Business Columns & Blogs

Test privacy implications before testing your DNA

This holiday season, many families are using the opportunity to be together to learn a little more about their ancestors. At-home DNA test kits are on many gift lists this year, either out of curiosity of family history, or perhaps to get an idea of genetic markers for medical conditions.

While the concept is intriguing, be aware the information potentially revealed in these tests can be very private. So, with that in mind, the Federal Trade Commission is urging consumers to be savvy in using these kits.

Most DNA tests work by swabbing the participant’s cheek, sending off a sample and waiting for the report to come back. Even if you aren’t too concerned about your personal privacy, consider the other families members potentially affected.

Compare tests and companies before you buy. We often say this, and it is essential anytime personal information is out there: Read privacy policies. Even if it’s a long list, it is crucial to know what a company is doing with your personal information.

The FTC suggests, “Rather than just clicking ‘I accept,’ take the time to understand how your health, genetic, and other sensitive information will be used and shared. Hold off on buying a kit until you have a clear picture of the company’s practices.”

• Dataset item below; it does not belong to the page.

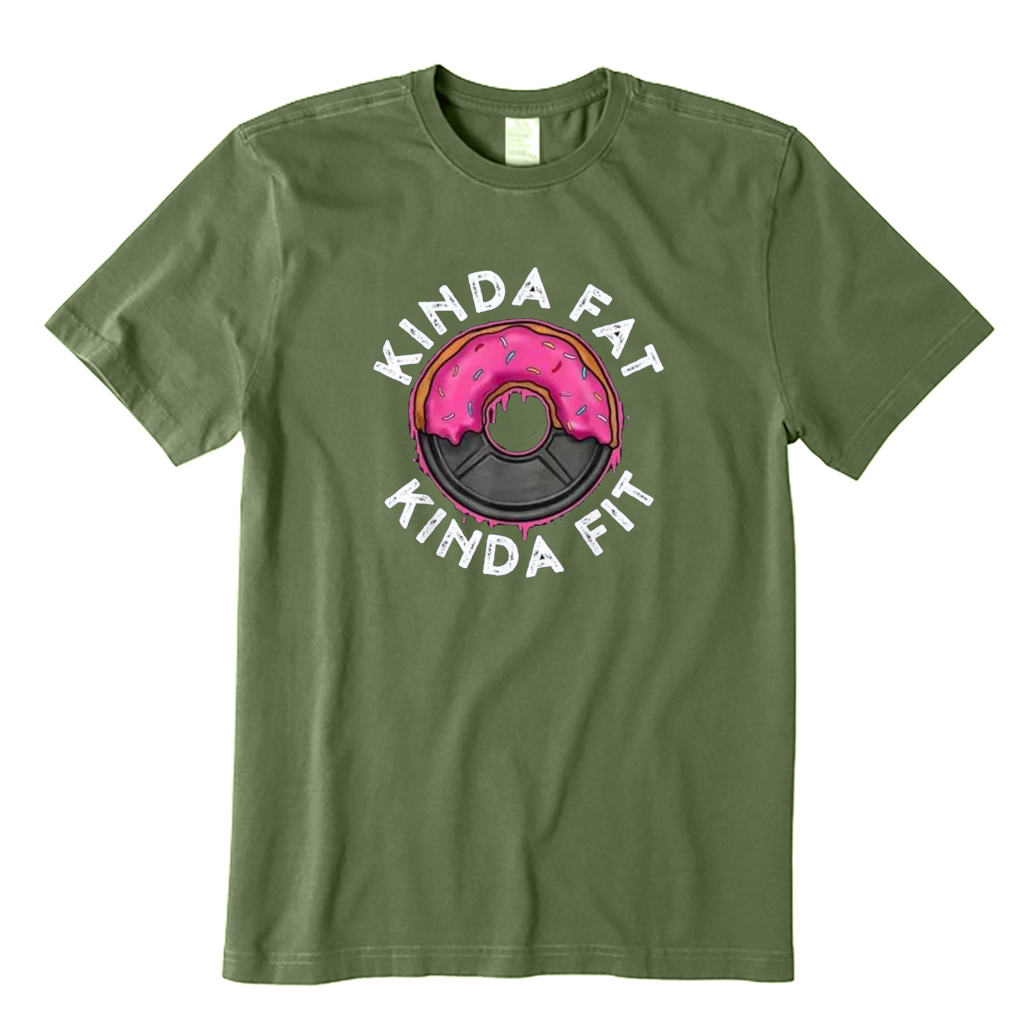 Kinda Fat Kinda Funny Doughnut T-shirt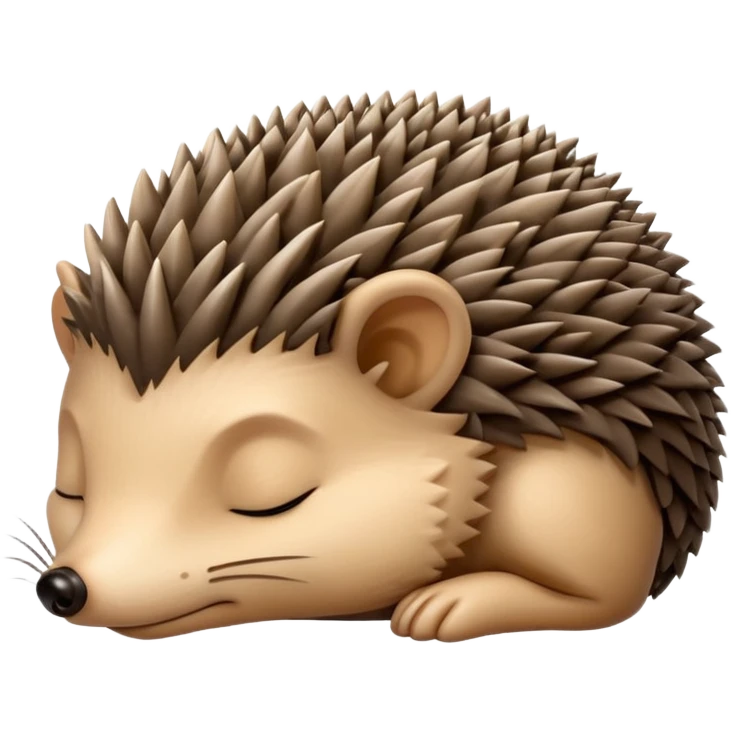 Sleeping Hedgehog emoji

Research companies online and with the Better Business Bureau. Find out what experiences others have had, and learn how accurate or specific the test is. Read reviews on the business before you buy. What’s the recourse if you aren’t satisfied with your experience?

Examine what happens to your information once your test is complete. Does your information go to a database? Is it public? When signing up, read each line carefully and look at what boxes are checked. The FTC reminds consumers that default settings aren’t typically the most private, and you may want to opt out of many options at the start.

Know there is risk involved when personal information is shared.

“Hacks happen. Before deciding to use a DNA test kit, reflect on your personal approach to the risk of unauthorized access that accompanies the use of any online service (or, for that matter, any brick-and-mortar business) that maintains sensitive information about you,” writes Lesley Fair of the FTC.

If you do run into issues with a genetic testing company, report it. You can let the FTC know on its website and file a complaint with the BBB.